The Owner-Operator Independent Drivers Association filed a petition seeking review of the final rule mandating electronic on-board recorders for motor carriers with chronic noncompliance with hours-of-service regulations.

The Federal Motor Carrier Safety Administration earlier this year issued a final rule, which will go into effect June 1, 2012, requiring carriers that violate hours of service rules 10 percent of the time, based on single compliance review, to use electronic onboard recorders to track driver hours.

The association's core argument against mandating "black boxes" is that there is no proof the devices can accurately and automatically record a driver's hours of service and duty status. An EOBR can only track the movement and location of a truck; it requires human interaction to record any change of duty status.

OOIDA offers as an example the process of loading and unloading - time that should typically be logged as on-duty, not driving. However, without interaction from drivers indicating to the device that they are on-duty, the device is incapable of determining the actual duty status of drivers.

OOIDA also contends that the Federal Motor Vehicle Safety Administration ignored a federal statute to ensure that EOBRs will not be used to harass vehicle operators.

"Not one word appears in the EOBR rulemaking record identifying regulations containing safeguards to 'ensure that the devices are not used to harass vehicle operators,' " the brief states. "For this reason alone, the rules must be found to be arbitrary and capricious for the agency's failure to heed the specific statutory mandate."

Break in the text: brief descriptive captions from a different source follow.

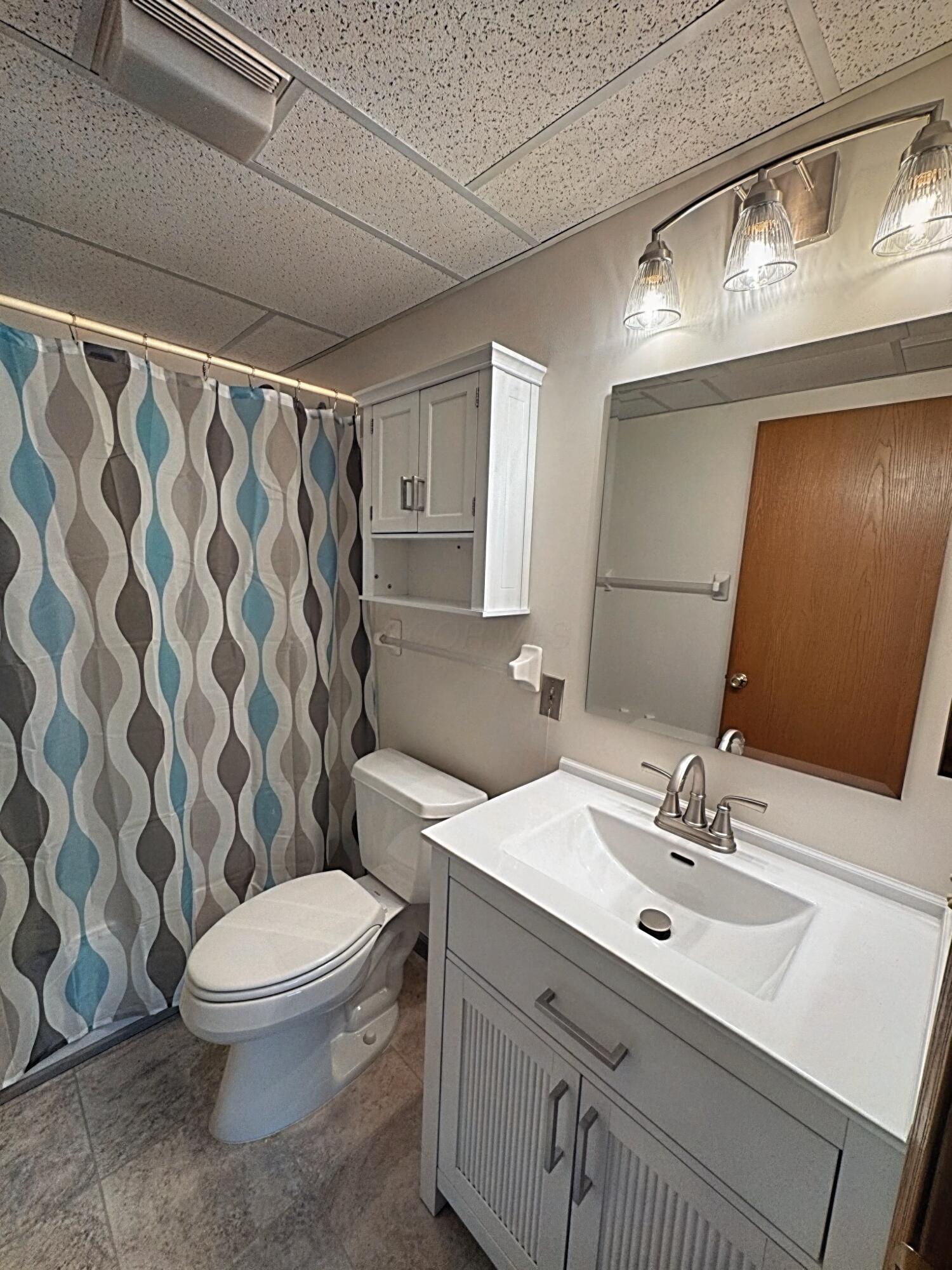 3967 Karl Road, Unit 227 Columbus, OH 43224 - Photo 23 of 39 Primary en suite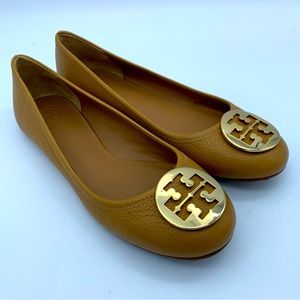 Tory Burch size 11 camel brown leather flats with gold T logo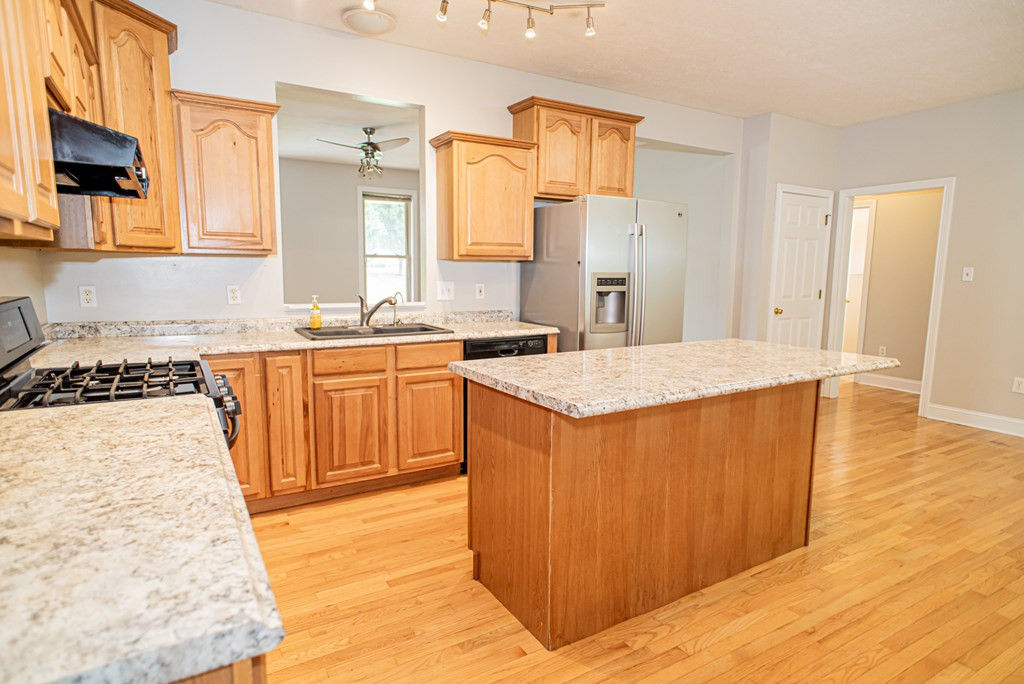 809 Reagan View Lane Seymour TN 37865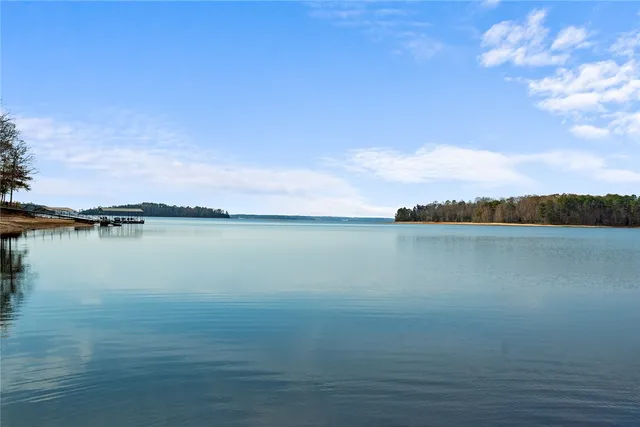 $274,900 | 18 C Hartwell Villas, Anderson, SC 29626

A Regulatory Impact Analysis by FMCSA noted that "companies use EOBRs to enforce company policies and monitor drivers' behavior in other ways." OOIDA says this type of monitoring can be used to harass and improperly pressure drivers.

"Carrier harassment includes the use of technology to interrupt a driver during an off-duty rest period. Carriers can contact the driver and pressure him to get back on the road to maximize his on duty-time. Such power usurps the driver's discretion to get rest, take a break or sleep when he believes it is necessary even when he or she has time left on the clock to drive or work," OOIDA's brief states.

Another argument against the use of the electronic on-board tracking devices centers on the Fourth Amendment.

"The real-time, government mandated, 24-hour electronic surveillance of a driver's location and movements contemplated by the (notice of proposed rulemaking) is an unjustified and dangerous intrusion on drivers' right of privacy," the brief states.

The constitutional argument states that the constant monitoring constitutes a search of the driver within the meaning of the Fourth Amendment.

While warrantless searches have been granted in the workplace, numerous court decisions have prevented them on a citizen's home or private dwelling. Given the unique nature of the trucking industry and the fact that many drivers use their tractors as their "home away from home," the association argues that "a driver has such a reasonable expectation of privacy in his truck when he is not working."

"The mandated use of EOBRs subjects perfectly legal, private activity to public scrutiny, and potential sanction," the brief states.

OOIDA and the member plaintiffs are asking the court to vacate the rule and send it back to the agency for further consideration consistent with the court's findings.

The court has given FMCSA until Nov. 4 to file its reply briefs.